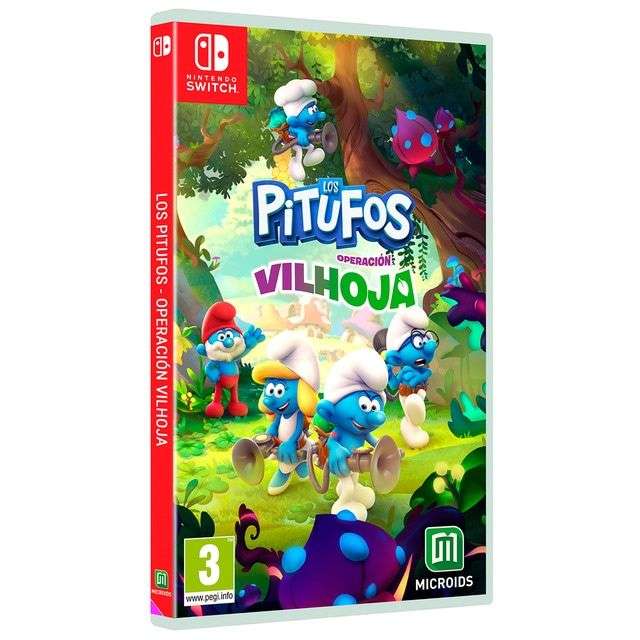 Los Pitufos Operación Vilhoja Edición Pitufísima Nintendo Switch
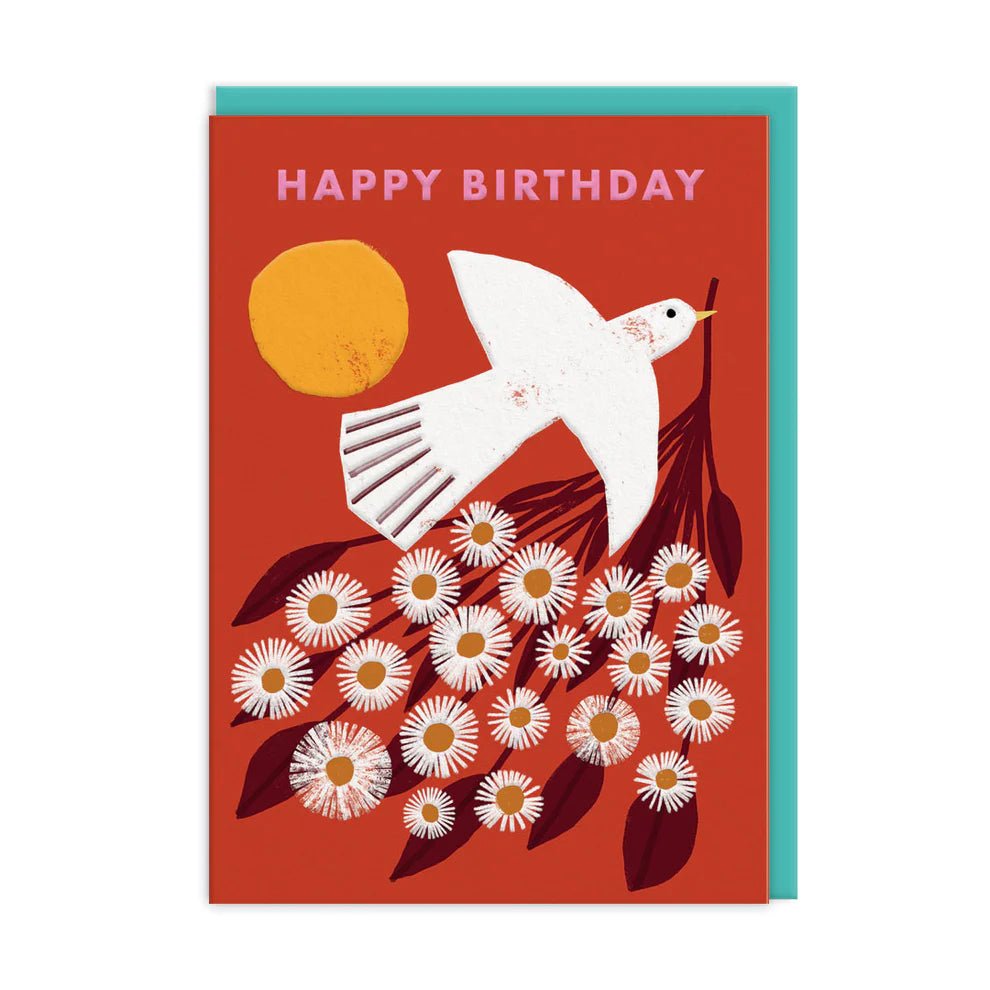 Ohh Deer: Bird and Flowers Birthday Card - Acorn & Pip_Ohh Deer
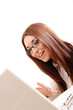 Frau mit Laptop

++++++

Work instructions ▸ Exactly as written, restate all of the data, leaving out the images.

Output below ▸
 Los Pitufos Operación Vilhoja Edición Pitufísima Nintendo Switch
 Ohh Deer: Bird and Flowers Birthday Card - Acorn & Pip_Ohh Deer
 Frau mit Laptop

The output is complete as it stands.